Una pareja mayor me alquiló una pieza con vistas al mar. Era más de lo que había soñado, lejos de casa y mirando al mar.
Además aquel trabajito era ideal, no requería esfuerzo y veía gente con la que no tenía que tener una relación después de darles el cambio. Todo se reducía a cinco minutos, nuestras vidas se cruzaban y ellos regresaban a su mundo y no volvían nunca.
Está claro que todo lo que se vendía eran cosas infames, algunas de mal gusto y otras absurdas, destinadas al trastero, a la basura o, en el peor de los casos, a una baldita del mueble bar del salón.
Yo me veía como una especie de pastora de la nada, allí dentro criábamos especímenes para un zoo de cristal dispuesto al polvo y a la melancolía.
Yo miraba con curiosidad a los clientes y pensaba en cómo sería la vuelta a casa de esa pobre gente vestida de veraneantes, cargados con ceniceros de plástico, llaveros que imitaban anclas, figuritas de cristal con formas de animales marinos, termómetros incrustados en casitas de pescadores, abrebotellas, platos o imanes para la nevera.
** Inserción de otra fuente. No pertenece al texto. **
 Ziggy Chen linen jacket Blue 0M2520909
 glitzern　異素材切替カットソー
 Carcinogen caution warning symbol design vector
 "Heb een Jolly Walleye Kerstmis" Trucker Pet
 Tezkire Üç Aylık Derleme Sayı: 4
Me los imaginaba sacando todo aquello del fondo de la maleta, desenvolviendo el paquetito envuelto en el papel rojizo con el nombre de la tienda y suspirando de tristeza al ver la figurita de un delfín con las aletas lacadas en verde marino.
En ocasiones les metía sin que lo vieran algún objeto inútil más que les hiciera preguntarse, a la vuelta, quién había comprado aquello o a quién se lo tenían que regalar.
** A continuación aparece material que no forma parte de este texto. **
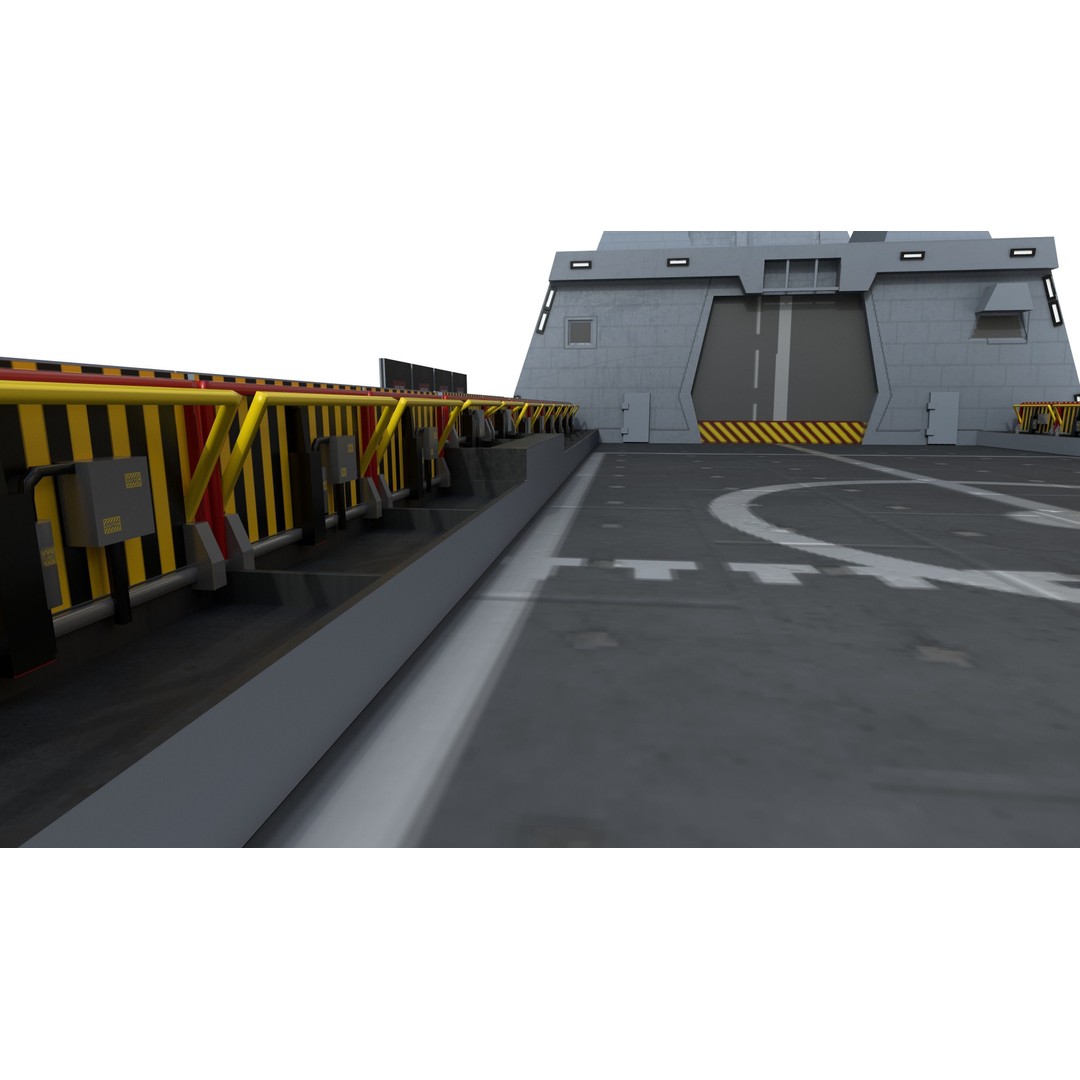 Zumwalt USS DDG 1000 Destroyer 3D Model – Low Poly Game Asset, FBX, PBR - View 25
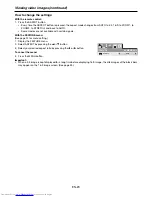 Preview for 20 page of Mitsubishi Electric HC4900 User Manual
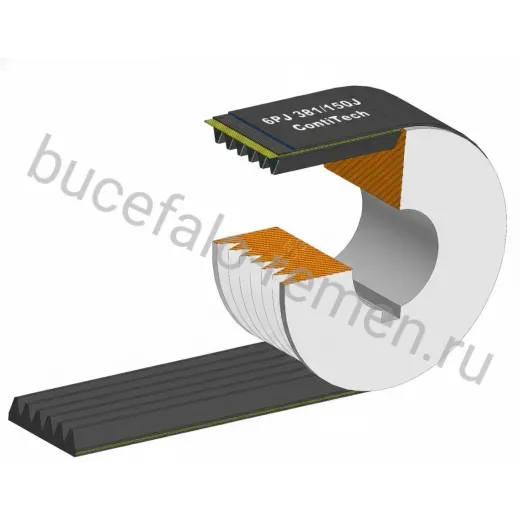 Ремень поликлиновой 6PJ-381/150 J ContiTech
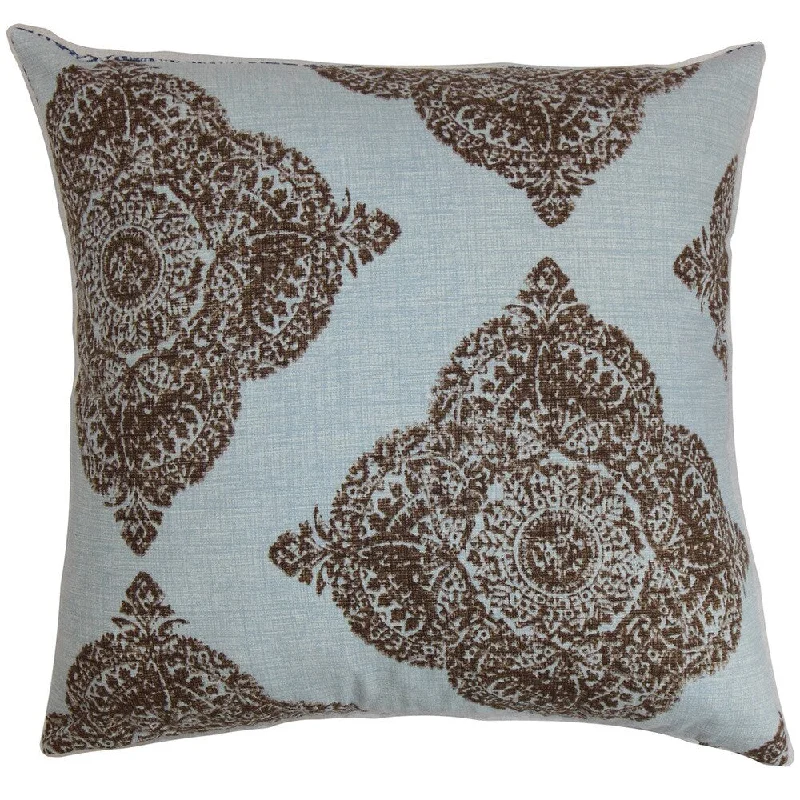 Daganya Damask Euro Sham Chambray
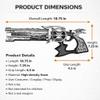 Foam Gothic Revolver 18.75" | Fantasy Prop Pistol with Multi-Barrel Design for Halloween Costume, LARP, Stage & Display view 3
La tienda pertenecía a un hombre mayor, pero siempre tenía una dependienta y, según decían, siempre muy joven. A mí me contrató sin conocerme, llamé al teléfono que indicaba un anuncio de un periódico local y me dijo que tenía una dulce voz.
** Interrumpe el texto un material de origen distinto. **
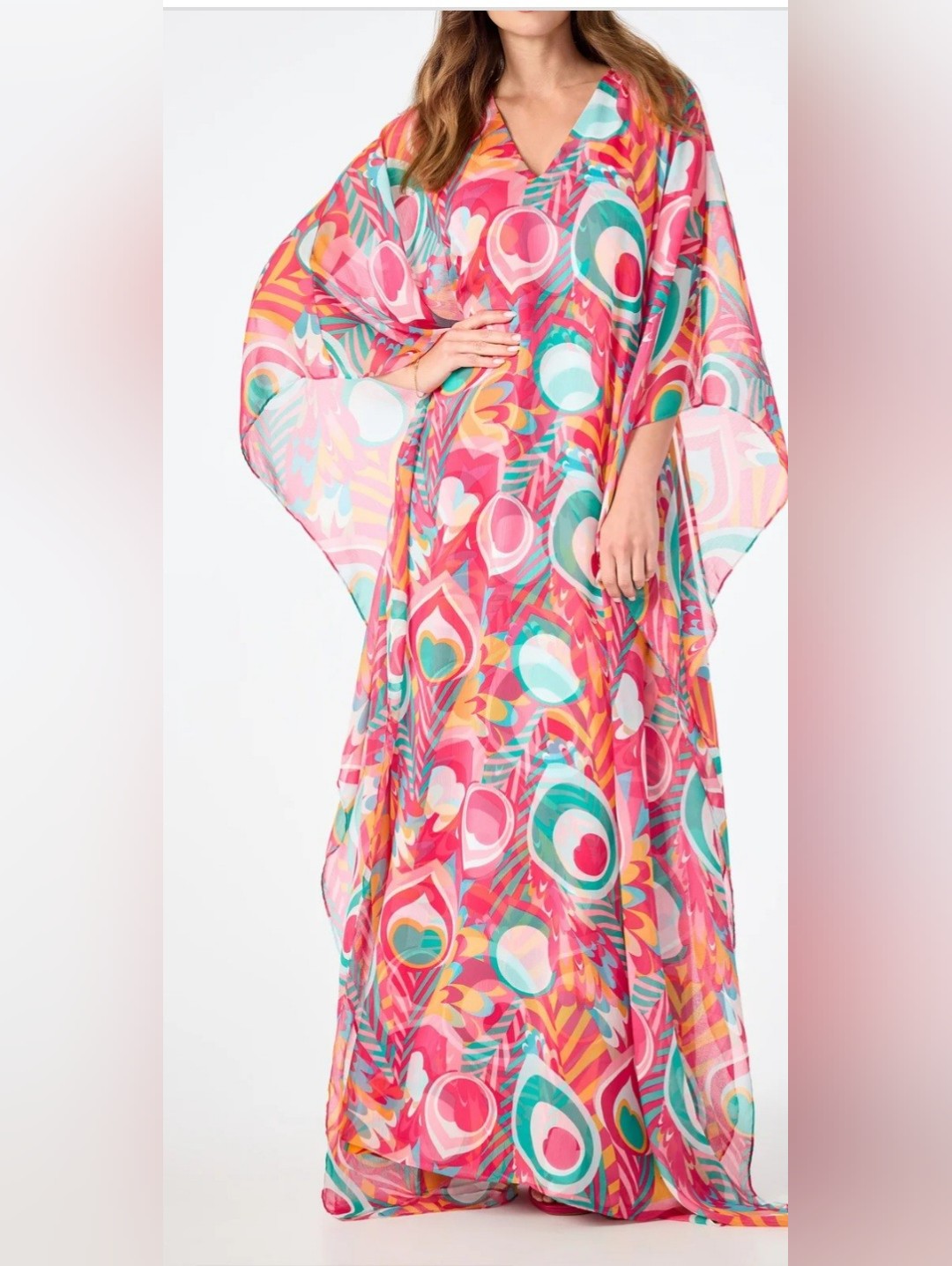 Trina Turk Salon Maxi Caftan Dress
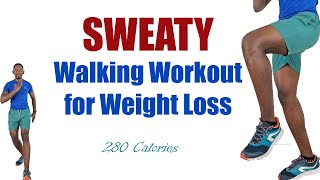🔥3500 Steps in 30 Mins🔥SWEATY Walking Workout for Weight Loss🔥280 Calories🔥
A penas lo veía, por las mañanas no aparecía nunca por la tienda y pasaba las tardes visitando los bares del puerto y del paseo marítimo. Se llamaba Luis, siempre volvía a la hora de cerrar, aunque estuviera muy bebido y solo tuviera fuerzas para guardar el equilibrio y coger la plata de la caja. Después se marchaba dando tumbos y yo cerraba la persianita metálica como si realmente necesitara proteger aquellos tesoros.